* **What is required**
When copying the data below, keep only the lines from the one with "Kate Spade Classic Black Nylon Shoulder Bag" through the one with "Emma - Line", word for word, and skip the pictures.

* **Records provided**

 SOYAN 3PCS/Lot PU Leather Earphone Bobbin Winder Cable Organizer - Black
--
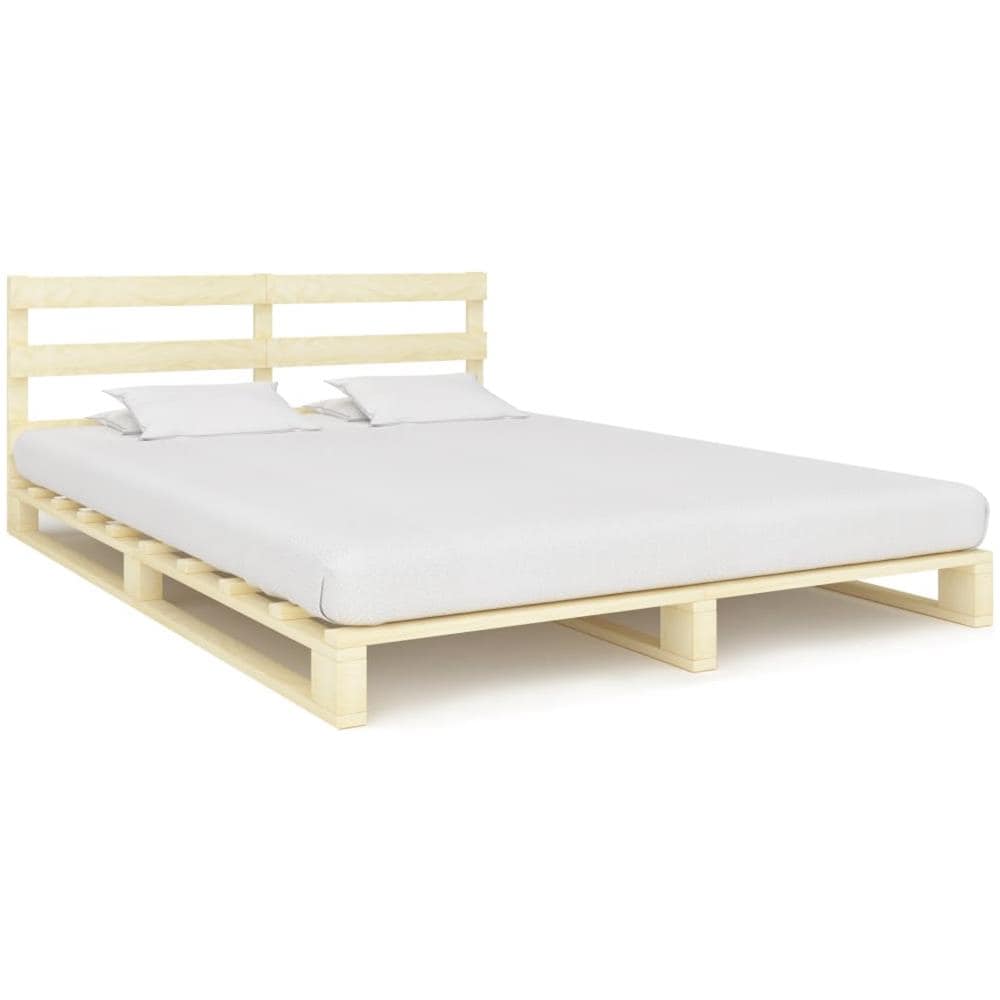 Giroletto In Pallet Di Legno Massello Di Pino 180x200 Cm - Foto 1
==
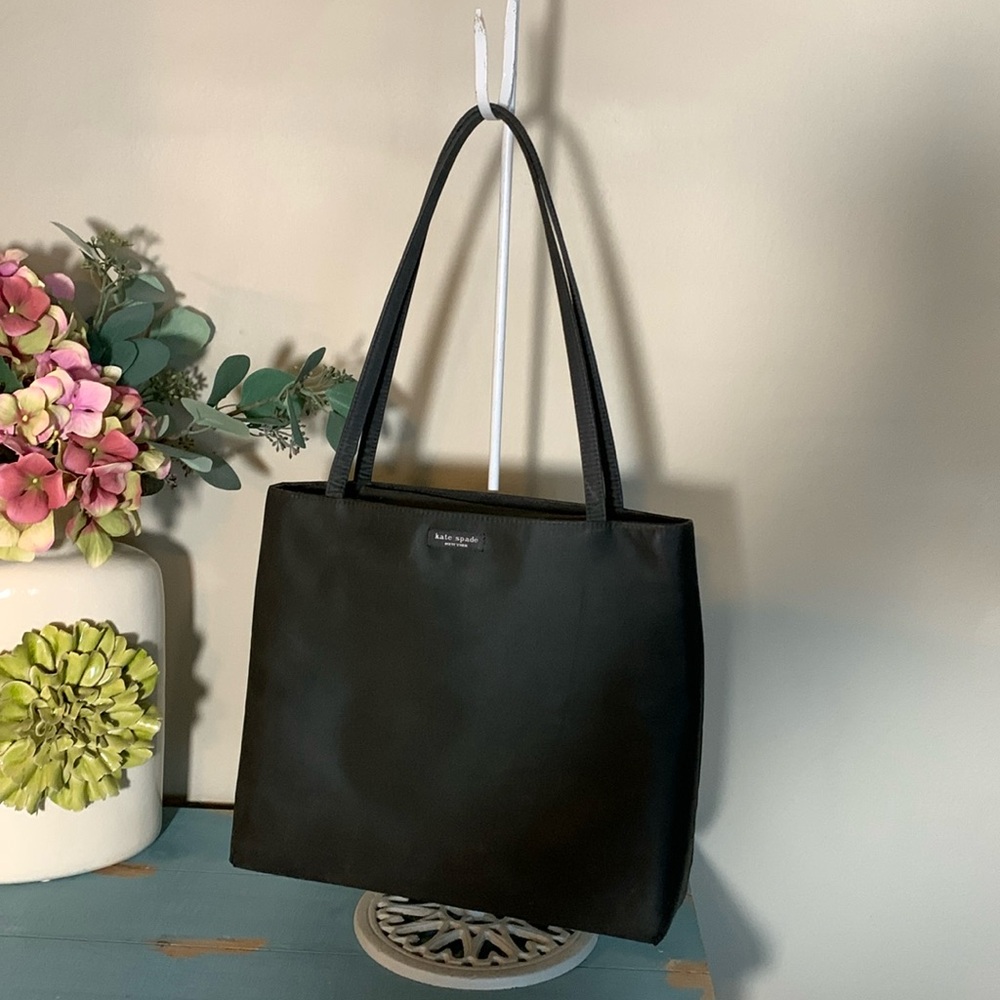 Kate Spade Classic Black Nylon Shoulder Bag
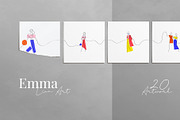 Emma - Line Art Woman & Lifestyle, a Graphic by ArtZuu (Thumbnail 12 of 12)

* **Response to the task**
 Kate Spade Classic Black Nylon Shoulder Bag
 Emma - Line Art Woman & Lifestyle, a Graphic by ArtZuu (Thumbnail 12 of 12)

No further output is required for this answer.